Tanto tiempo llevo con vosotros, ¿y no me conoces, Felipe? Quien me ha visto a mí ha visto al Padre.
Recordemos que Felipe fue uno de los primeros en ser llamados. Y que, de inmediato, quedó encandilado por Jesús. Tanto fue su fervor que le faltó tiempo para ir en busca de su amigo Natanael y llevarle a Jesús diciéndole: Hemos encontrado al que describen Moisés en la ley y los profetas: Jesús, hijo de José, natural de Nazaret (Jn 1, 45). Pero lo sorprendente es que, a pesar de su fervor, Jesús seguía siendo un extraño para Felipe.
Lo mismo sucede hoy entre cristianos fervorosos. Es que no es sencillo pasar de una fe infantil, la fe que depende de lo que sentimos y a la que estamos fuertemente apegados, a una fe adulta que no depende ya de lo que sentimos. Así se lo dijo Jesús a Tomás: Dichosos los que crean sin haber visto (Jn 20, 29).
Felipe, el fervoroso discípulo de Jesús, continuaba creyendo en el Dios de sus padres: el Dios infinito y todopoderoso encumbrado sobre las nubes del cielo. Ahora le toca desaprender lo aprendido; le toca aprender que ese Dios inconmensurable está ahí, ante sus ojos, en este Jesús de Nazaret de carne y hueso. Tiene que aprender que para conocer mejor a Dios necesita conocer mejor a Jesús.

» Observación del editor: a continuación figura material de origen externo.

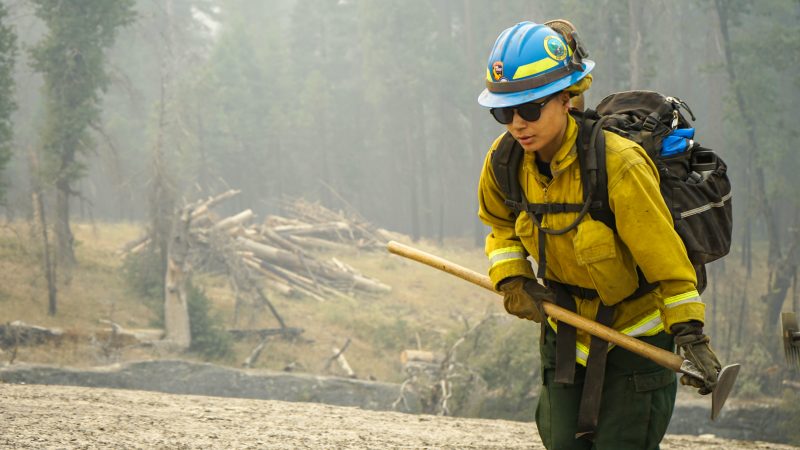 Wildland firefighter corpsmember hikes up hill.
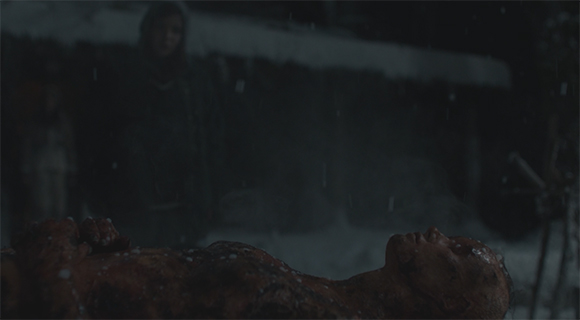 A person's body lies face up in the snow during a dark, snowy night.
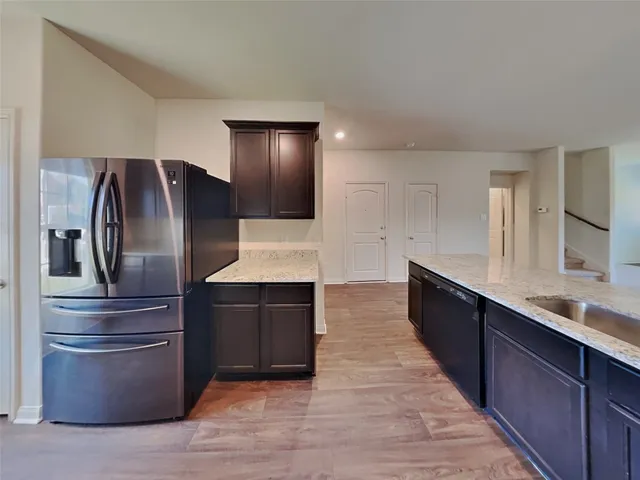 a kitchen with stainless steel appliances granite countertop a refrigerator and a sink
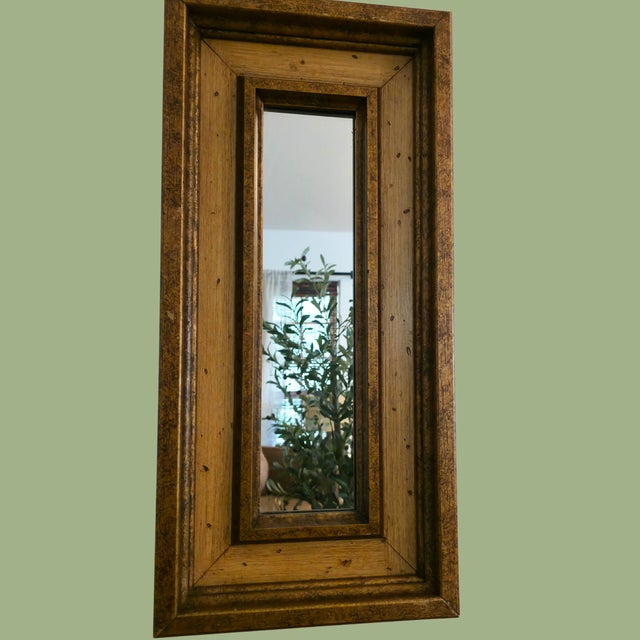 This vintage rustic wood wall mirror was crafted in the late 1970s to early 1980s by Triangle Industries of Los Angeles,...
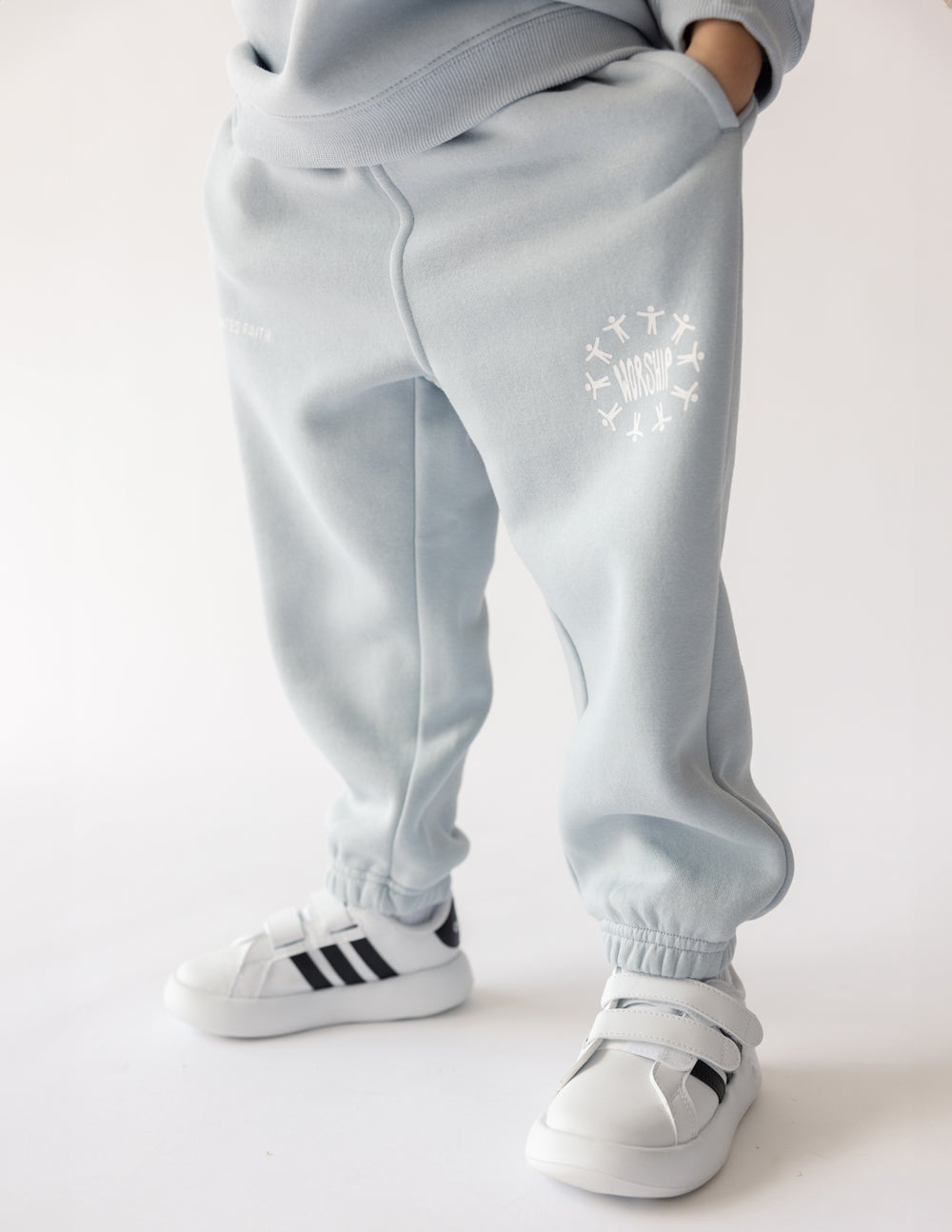 Kids light blue sweatpants with elastic cuffs, seam details, logo graphic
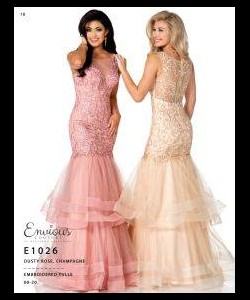 Two women wearing floor-length, sleeveless mermaid gowns in pink and champagne with lace and tulle details.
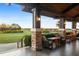 Inviting outdoor seating area with comfortable wicker chairs overlooking the scenic golf course and beautiful landscaping at 16614 Berwick Ter, Lakewood Ranch, FL 34202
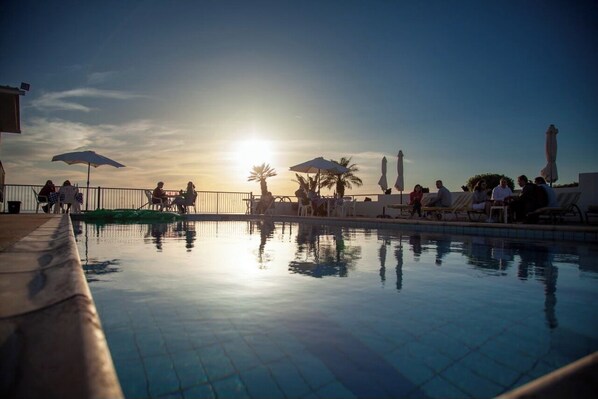 A poolside area with lounge chairs and umbrellas, a clear sky, and the sun setting in the background.
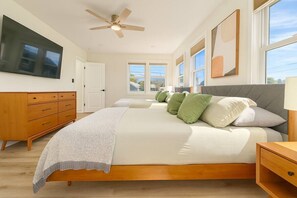 Une chambre avec un grand lit, un ventilateur de plafond, une télévision et une fenêtre donnant sur un beau paysage.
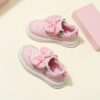 Pink and white girls princess sneakers with bows and heart accents showcasing their sparkly design and comfortable features Perfect for spring fall school or playdates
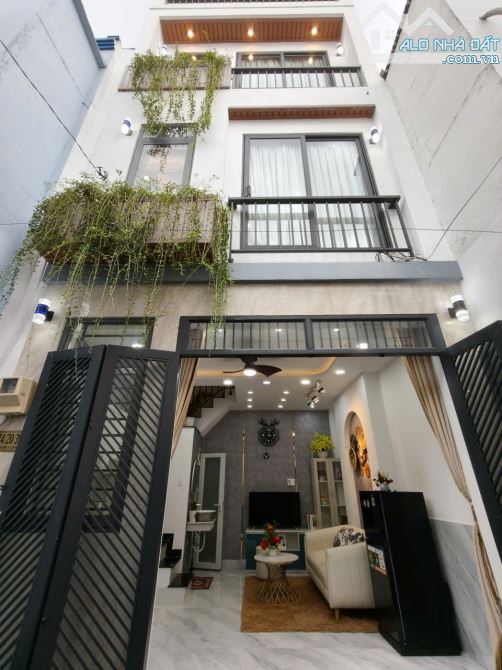 Nhà nhỏ hẻm thông xe hơi đậu cửa P9 Gò Vấp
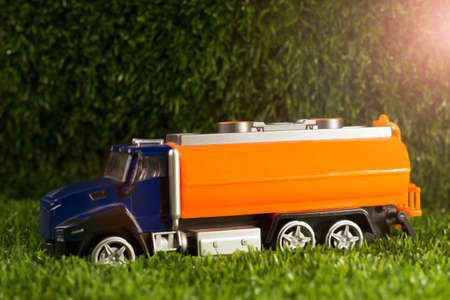 Toy truck on green grass. Copy space.の写真素材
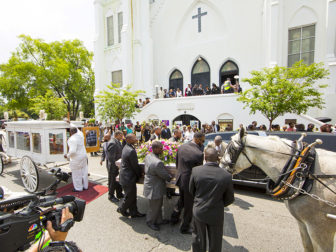 The casket of shooting victim Susie Jackson is brought into Emanuel AME Church for funeral services in Charleston, South Carolina on June 27, 2015. Photo courtesy of REUTERS/Jason Miczek *Editors: This photo may only be republished with RNS-CHARLESTON-ANNIVERSARY, originally transmitted on June 8, 2016.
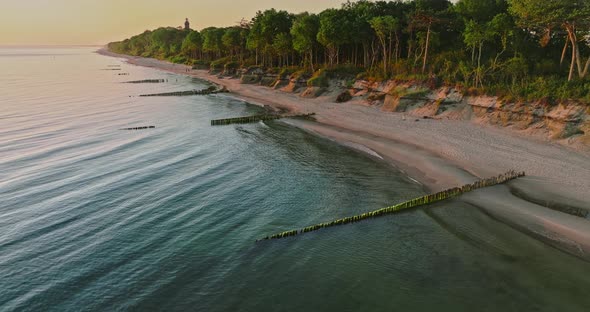 Beach by Baltic sea at sunrise in Poland.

Nosotros, los Felipes del tercer milenio, tenemos que aprender también a conocer a Jesús. ¿Cómo? Haciendo de los Evangelios la fuente de nuestra oración. De no ser así, la vida cristiana puede presumir de un superávit de piedad, y puede padecer un defícit de Evangelio. Y esto se traduce en una vida cristiana egocéntrica, poco centrada en Jesús.